Independent voters – who are they?

Nowadays it seems that a wide sociopolitical spectrum describes the set of U.S. independent voters.  The techniques for defining them and counting them seem nebulous at best.  Of course, it’s hard to do the second if you haven’t done the first.  There are true independents, people who will not make a decision until the day of the election, for parties or people, although they will taunt you by saying that they tend to lean one way or the other.  There are the shifters, people who say they are Dems and vote GOP or vice versa.  Others will vote in one election and not another or not in primaries (in some states you can’t vote in primaries if you haven’t declared a nominal party allegiance).  Finally, some are third party voters who don’t vote unless they have a candidate (Socialists, Libertarians, etc)—they’re for an “independent party.”

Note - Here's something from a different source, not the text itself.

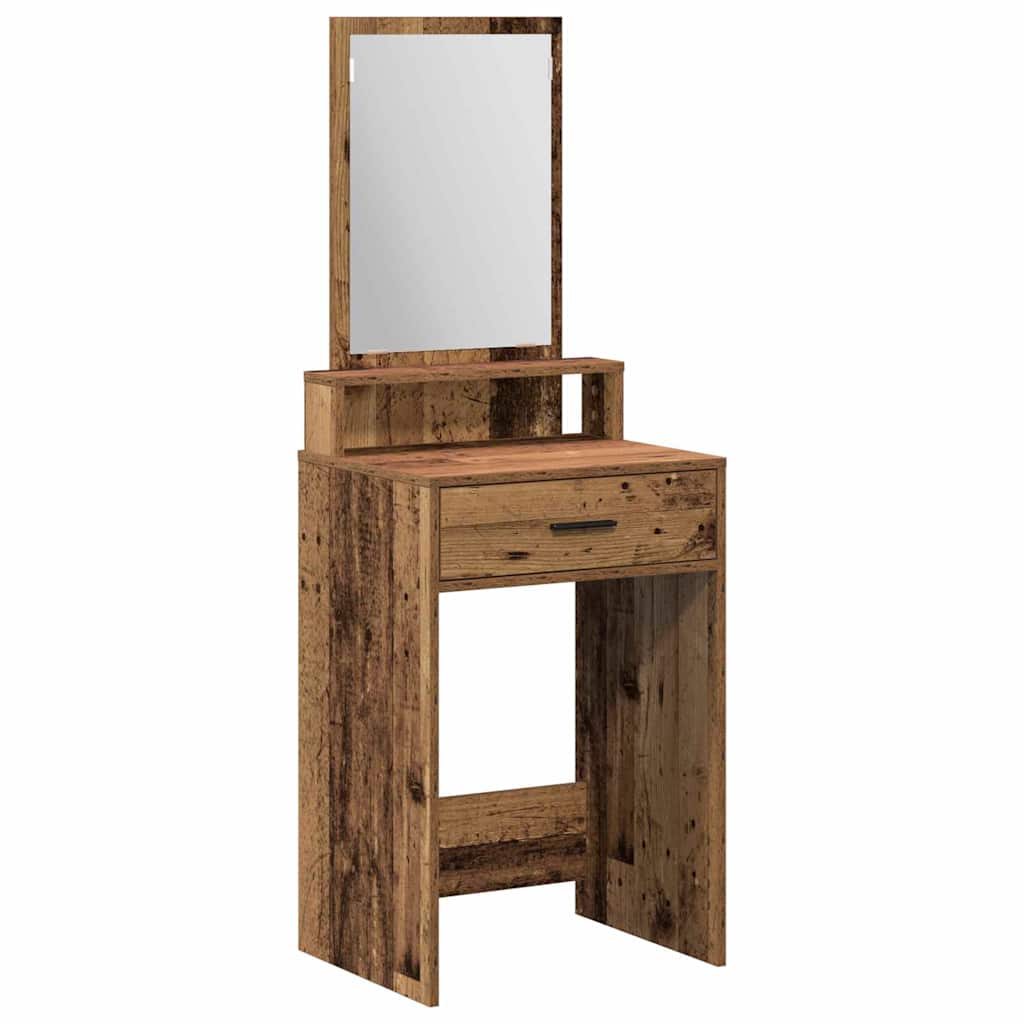 Τραπέζι περιποίησης Παλιό ξύλο 50 x 41 x 140 εκ.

There are two urban legends about independent voters that are amusing.  One is that they determine the outcome of elections.  The other is that they can be wooed.  We can dispense with the first legend only if we count non-voters as voters.  An election is decided by the people who don’t show up to vote as often as those who do.  Voter turnout in the U.S. has varied from 80+% in the late 1800’s to just less than 50% not many years ago.  No matter the percentage of registered voters who actually vote, these non-voters would decide an election only if they went unanimously for one candidate in a close election, a highly unlikely event.  The only case where election outcomes are changed by real voters result when a third party candidate has enough following in a state to win some electoral votes there (like Perot and Nader, for example), affecting a close election.

That other bit of electoral folklore can be dispensed with by observing that a person is wooable (to coin a word that sounds like we’re discussing Daffy Duck) only if he’s undecided and truly sitting on the proverbial fence rail.  Most people have electoral preferences even if they declare themselves as independents.  During an election the ubiquitous refrain “I voted for the lesser of two evils” is often heard as our two-party system forces civic-minded people to not waste their vote and finally decide for someone.  That decision a fortiori means they have a preference.  Their independence is only a farce.  Even the person that is so disgusted with the whole political process that he or she refuses to participate (and there are many so-called independents who fit this description) is being preferential.

All of the above are not wooable.  Their minds are already made up and nothing any candidate says will make a difference.  The generalization and broadening of who can vote with absentee and mail-in ballots destroys this urban legend even more.  Independent voters, in general, have made up their minds—they just want to keep their decisions private.  How these people react to last-minute and exit polls is another question.  I imagine there are sociology and political science theses to be written here.

The categories of Democrats, Republicans, and independents are just too general and have become an albatross around the neck of our democracy.  Even the traditional parties have too broad a range of interests and priorities and we have just seen that there are many ways for a voter to be “independent.”  The winner-take-all Electoral College system shares a lot of the blame, of course.  It exacerbates the problem associated with a slim majority declaring a mandate and assuming they have free rein to tyrannize the minority.  In fact, it allows a block of sparsely populated states to wield disproportionate power.  A much better system would be to decide national elections by strict popular vote.

The Electoral College system also promotes a two-party system.  In a multi-party system, it often happens that no party gets a clear majority.  In fact, for an N-party system, the statistical tendency would be to have each party get about 100/N per cent of the votes (which is why the losing party in any of our elections rarely falls below 45%).  In Europe this makes for lively discussions in parliaments, something we also have in the U.S. while at the same time we try to force the round peg into a square hole by calling one side of an issue Democratic or Republican.  Europeans recognize the breadth of human opinion and revel in it.  We try like hell to avoid it.  I have no problem deciding which system is more democratic.  Democracy is organized chaos which, is why, I suppose conservatives often prefer fascism.

Given that the independent voter doesn’t really exist, it is not surprising that in Europe there are none.  People often switch allegiances in a given election, of course, which is a kind of independence (see the “shifters” above), but the general rule is that winning majorities are formed by coalitions between parties.  Moreover, our country’s peculiar chaotic and dirty history that led to the Democratic and Republican parties is more ideologically pure in Europe where one party or group of parties is conservative and another is liberal—in fact, more often than not, the two major parties are the Conservatives and Liberals.  Semantics is irrelevant here, but purity of purpose is not.  An European party often has a well-defined platform.  The only party in the U.S. with corresponding purity and clarity is the Libertarian Party.

Perhaps it’s not so amazing that the Libertarians made such great strides during the last midterm elections for this reason.  Under the Tea Party disguise, many congressional freshmen (and freshwomen) wound up in Washington with a well-defined platform for change.  As a progressive, I can’t agree with their ideology, but I can admire their clarity of purpose.  We need more of this if our democracy is going to survive.  Only by providing each voting American with a clear party choice and then brokering compromise to achieve a majority and to wield power will we reach the maturity of the European democracies.  The Libertarians have been successful in representing a very vocal segment of our population.  I challenge the more progressive elements of our society to do the same.  Then let true democracy begin.